Five Questions for Larry Robbins

  1. You have extensive experience in both lighting rock concerts and trade shows. What do you add to your trade show work to give it some of the excitement of a rock show? Is there anything new in the world of trade show lighting?

    It almost worked backwards: Lighting for trade shows is not a rock concert, yet bringing the technology into it is — making the client understand what simple lighting effects (rotating gobos, scrollers, or color washes for color movement) can add to a simple booth. In most cases, it's not about flash and trash. People who sell carpet or plumbing fixtures at trade shows want their product lit; people at shows like Comdex or CES look for that “Hey man, come over here” look.

    I would love to incorporate DL technology, but many of the people we deal with don't have the budgets. On the other hand, when it comes to the general sessions, one day you have 120 moving lights, while the next you have 12 scrollers. Again, you take your experience of lighting anything and everything and make 12 lights work. That part goes back into the old rock-and-roll days when you have the same scenario.

  2. What is the best career advice you've ever been given?

    Early on, one person told me, “The trouble with you American designers is that you blow all your looks in the opening song. You never hold anything to the end.” Also: “You don't have to flash the lights on every song. Use taste.”

  3. And the worst advice?

    “Here try this; it will get you going,” or “No, really. We only have to drive the gear to the first gig, and then, we put it in a semi.”

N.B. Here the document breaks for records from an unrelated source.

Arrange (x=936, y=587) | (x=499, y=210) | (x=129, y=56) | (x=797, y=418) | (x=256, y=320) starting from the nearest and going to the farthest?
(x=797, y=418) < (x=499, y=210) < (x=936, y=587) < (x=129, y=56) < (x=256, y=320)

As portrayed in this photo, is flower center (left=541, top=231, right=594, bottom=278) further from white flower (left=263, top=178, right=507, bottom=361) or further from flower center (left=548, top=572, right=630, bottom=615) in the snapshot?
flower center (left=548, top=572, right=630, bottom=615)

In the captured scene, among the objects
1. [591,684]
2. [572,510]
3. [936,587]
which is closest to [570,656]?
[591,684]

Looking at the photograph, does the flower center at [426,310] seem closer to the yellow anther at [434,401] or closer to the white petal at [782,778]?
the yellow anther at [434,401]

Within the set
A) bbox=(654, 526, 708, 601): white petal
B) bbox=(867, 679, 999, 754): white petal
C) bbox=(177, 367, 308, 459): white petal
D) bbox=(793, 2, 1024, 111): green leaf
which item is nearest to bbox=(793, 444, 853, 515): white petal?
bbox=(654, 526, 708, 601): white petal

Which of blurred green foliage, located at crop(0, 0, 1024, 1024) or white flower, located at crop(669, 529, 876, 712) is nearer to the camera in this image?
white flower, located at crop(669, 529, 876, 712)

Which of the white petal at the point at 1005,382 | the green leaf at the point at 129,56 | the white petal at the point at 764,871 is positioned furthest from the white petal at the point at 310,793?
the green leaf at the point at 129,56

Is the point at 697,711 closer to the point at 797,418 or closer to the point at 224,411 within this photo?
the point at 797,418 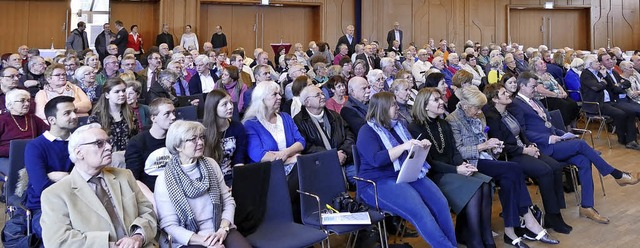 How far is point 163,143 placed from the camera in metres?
3.35

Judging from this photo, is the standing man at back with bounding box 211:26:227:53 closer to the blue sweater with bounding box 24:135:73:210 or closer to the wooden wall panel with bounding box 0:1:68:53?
the wooden wall panel with bounding box 0:1:68:53

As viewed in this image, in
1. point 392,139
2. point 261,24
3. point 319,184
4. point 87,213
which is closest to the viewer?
point 87,213

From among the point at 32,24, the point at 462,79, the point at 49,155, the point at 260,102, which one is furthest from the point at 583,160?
the point at 32,24

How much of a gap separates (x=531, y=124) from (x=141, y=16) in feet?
34.6

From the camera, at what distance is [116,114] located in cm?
391

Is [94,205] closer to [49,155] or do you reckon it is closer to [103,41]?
[49,155]

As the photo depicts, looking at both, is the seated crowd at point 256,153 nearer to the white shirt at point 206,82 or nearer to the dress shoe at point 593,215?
the dress shoe at point 593,215

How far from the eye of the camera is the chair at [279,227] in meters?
2.88

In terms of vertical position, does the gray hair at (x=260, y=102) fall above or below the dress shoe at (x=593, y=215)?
above

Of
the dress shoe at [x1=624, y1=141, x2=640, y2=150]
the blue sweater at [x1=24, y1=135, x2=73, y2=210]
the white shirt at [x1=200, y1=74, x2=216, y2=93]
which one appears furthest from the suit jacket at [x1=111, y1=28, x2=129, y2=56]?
the dress shoe at [x1=624, y1=141, x2=640, y2=150]

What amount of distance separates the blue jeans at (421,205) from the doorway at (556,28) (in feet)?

  4. What idea did you have that looked good on paper but not in reality?

    I designed for [saxophonist] Grover Washington, Jr. and had 48 Colormaxs. Great idea at the time — too bad they never worked. Of course, that was in 1983.

  5. What equipment can you absolutely not do without?

    My iPod and laptop — iPod for music during setup in the ballrooms and laptop to stay awake during that 8-hour general session that is a snoozer. Oh, and E-tape, you just gotta have your E-tape!